The short marshrutka ride from Chişinău out to the village of Butuceni feels like traveling back in time, as drivers overtake locals in donkey carts on steep, frequently unpaved mountain roads. But the clock turns back even further in the impressive Orthodox cave monastery of Orheiul Vechi, which was dug into these rocky cliffs by local monks in the 13th century. The medieval icons below are illuminated only by candlelight and by jagged windows chiseled out of the cliff face, giving the impression that not much has changed since then.
Behind the monastery, a small passage opens up onto a narrow ledge within the cliffs, providing an impressive view over the valley.

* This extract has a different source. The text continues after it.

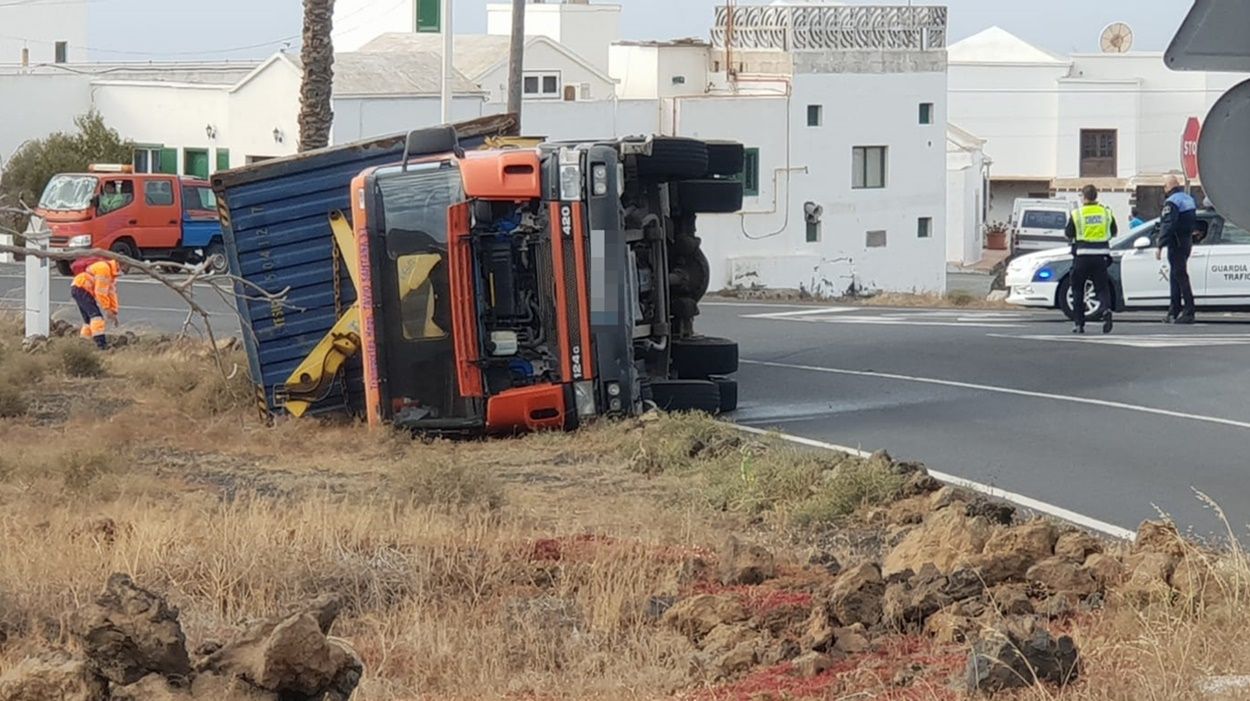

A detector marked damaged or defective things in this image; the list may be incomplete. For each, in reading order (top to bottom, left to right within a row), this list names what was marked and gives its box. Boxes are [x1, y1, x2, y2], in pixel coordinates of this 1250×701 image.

overturned truck [213, 115, 740, 432]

The cave monastery is part of a larger archeological park in and around Butuceni, but it is by far its most impressive site. Medieval church ruins and even small museums can also be found around the village and are marked with clear signs. Other man-made cave complexes can also be spotted in the surrounding cliffs, but are generally only accessible to climbers.
Know Before You Go
Accessible via marshrutka from Chişinău's main bus station (the ones labeled 'Butuceni' or 'Orheiul Vechi', but NOT the ones labeled just 'Orheiul', which is a different village!). Get off at Butuceni. The marschrutka schedule can be awkward, so plan the timing of your return trip in advance. Parking is also available for those with personal transportation.
As an orthodox holy site, modest dress (i.e. no shorts or tank tops for either sex) is expected. Female visitors are asked to cover their heads when entering the monastery, and this policy is enforced.
Food and drinks are available from nearby guesthouses in the village of Butuceni.